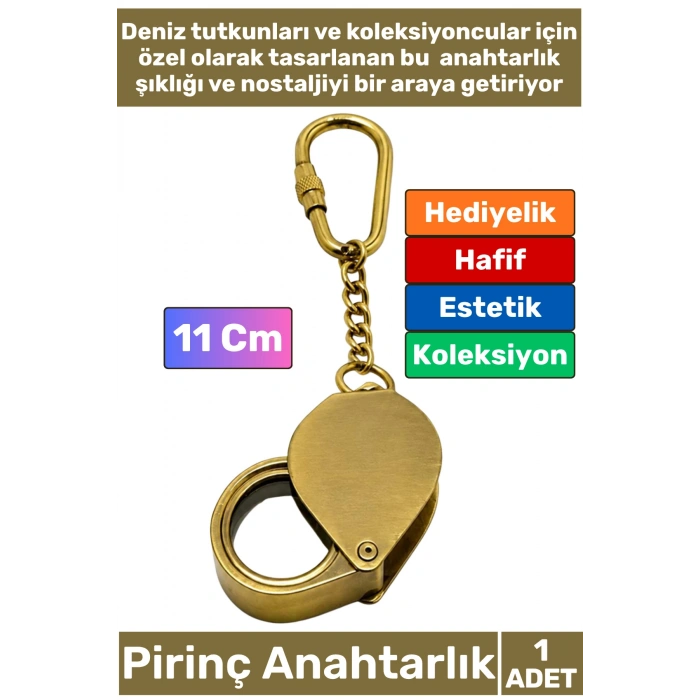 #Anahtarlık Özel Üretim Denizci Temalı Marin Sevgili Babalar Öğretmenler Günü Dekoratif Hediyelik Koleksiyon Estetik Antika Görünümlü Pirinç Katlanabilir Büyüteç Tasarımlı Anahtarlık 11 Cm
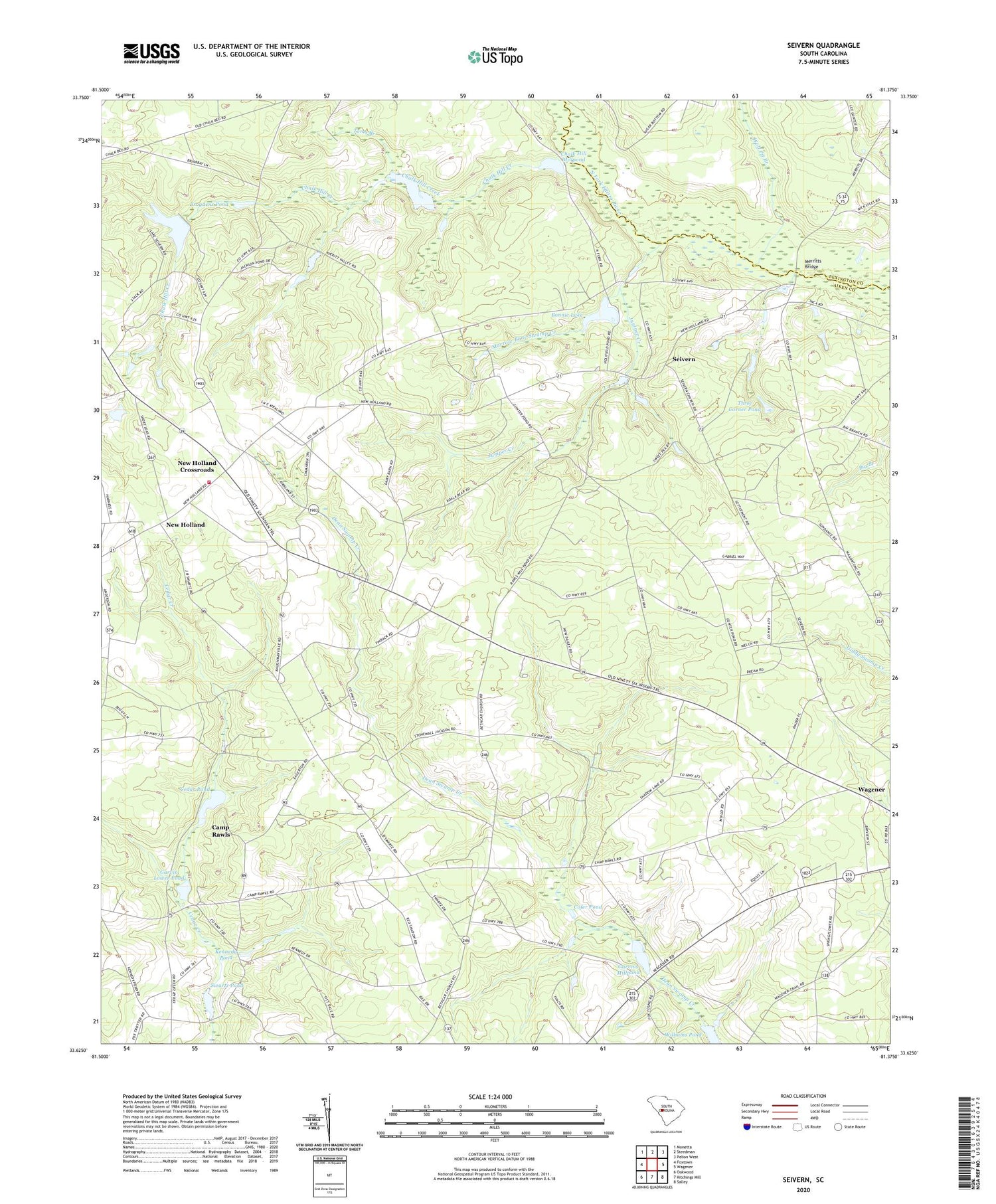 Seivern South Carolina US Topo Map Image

...

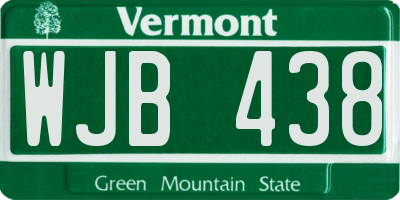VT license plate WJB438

### Exercise objective
Beginning with the line holding "#Anahtarlık Özel Üretim" in the material above, restate word for word each line through the line holding "Seivern South Carolina US Topo Map Image", and exclude pictures.

### The completed task
 #Anahtarlık Özel Üretim Denizci Temalı Marin Sevgili Babalar Öğretmenler Günü Dekoratif Hediyelik Koleksiyon Estetik Antika Görünümlü Pirinç Katlanabilir Büyüteç Tasarımlı Anahtarlık 11 Cm
 Seivern South Carolina US Topo Map Image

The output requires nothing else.